# Coins for Making Change Efficiently

The item I had just bought cost 29 cents. I gave the cashier a dollar bill, and she gave me two quarters, two dimes, and a penny in change. She could just as well have given me seven dimes and a penny or some other combination of coins adding up to 71 cents, but there’s no way she could have made change with fewer than five coins.

Most businesses in the United States make change using just four different types of coins: 1 cent (penny), 5 cents (nickel), 10 cents (dime), and 25 cents (quarter). This distribution of coinage suggests an interesting question: Is it the most efficient way to make change? In other words, is this the optimal choice of coin values for minimizing the number of coins required to handle typical transactions?

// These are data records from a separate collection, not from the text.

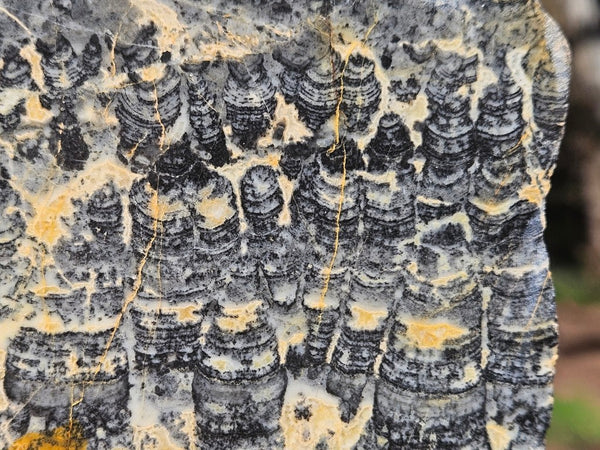 Polished fossil stromatolite slab. Asperia ashburtonia. ASP155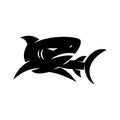 Shark logo design Character vector isolated concept template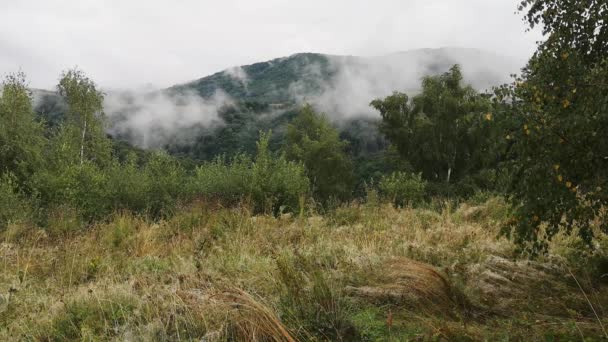 夏日黄昏 山中一片雾蒙蒙的风景中的时间间隔 — 图库视频影像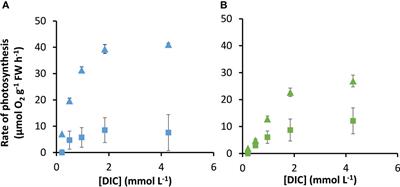 The differential ability of two species of seagrass to use carbon dioxide and bicarbonate and their modelled response to rising concentrations of inorganic carbon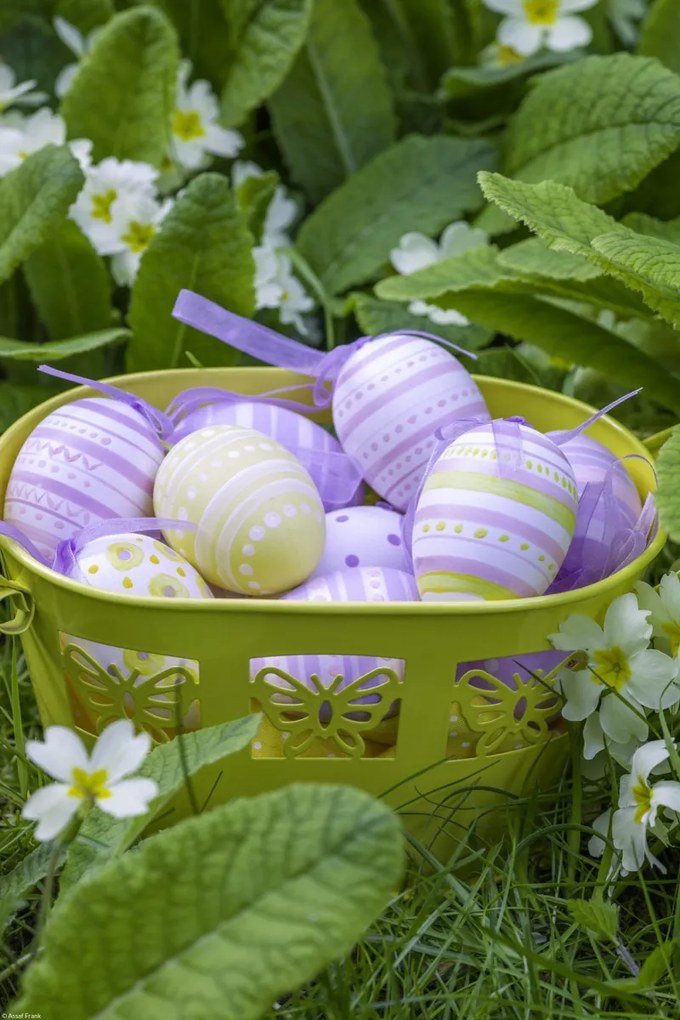 Poszter 30x45cm Húsvéti tojások kosárban 4, Assaf Frank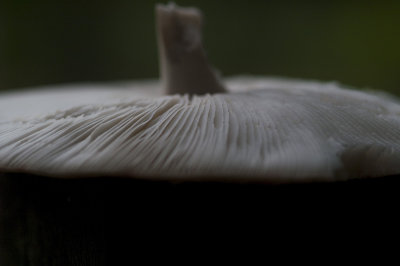 PICT5735.jpg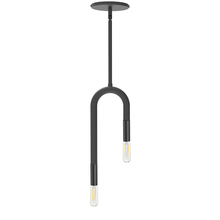 Dainolite WAN-152P-MB - 2 Light Incandescent Matte Black Pendant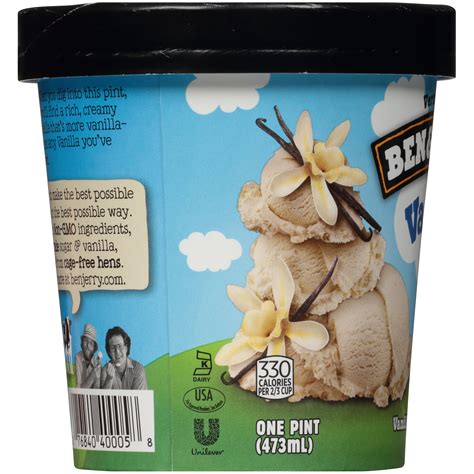 Ben & Jerry's Vanilla Ice Cream 16 oz | Shipt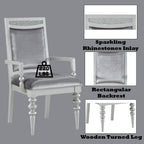 Maverick Fabric & Platinum Finish Arm Chair Set of 2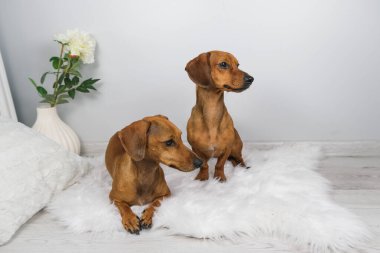 Dachshund köpek ve yaşlı dachshund 'un beyaz carpe' daki stüdyo çekimi.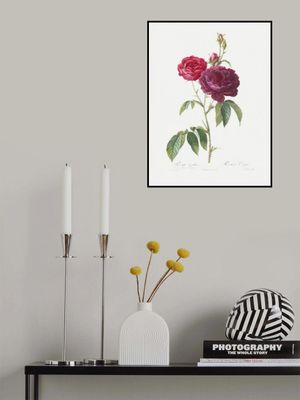 Purple French Rose, Les Roses (1817–1824)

Computer scientist Jeffrey Shallit of the University of Waterloo has worked out an answer. In the current issue of the Mathematical Intelligencer, he contends that “what the U.S. needs is an 18-cent piece.”

In finding coin denominations that minimize the average cost of making change, Shallit assumed that every amount of change between 0 and 99 cents is equally likely. For the current four-denomination system, he found that, on average, a change-maker must return 4.70 coins with every transaction.

He discovered two sets of four denominations that minimize the transaction cost. The combination of 1 cent, 5 cents, 18 cents, and 25 cents requires only 3.89 coins in change per transaction, as does the combination of 1 cent, 5 cents, 18 cents, and 29 cents.

“We would therefore gain about 17 percent efficiency in change-making by switching to either of these four-coin systems,” Shallit says. “The first system possesses the notable advantage that we only need make one small alteration in the current system. We could speed up customer service just by replacing the dime with an 18-cent piece.”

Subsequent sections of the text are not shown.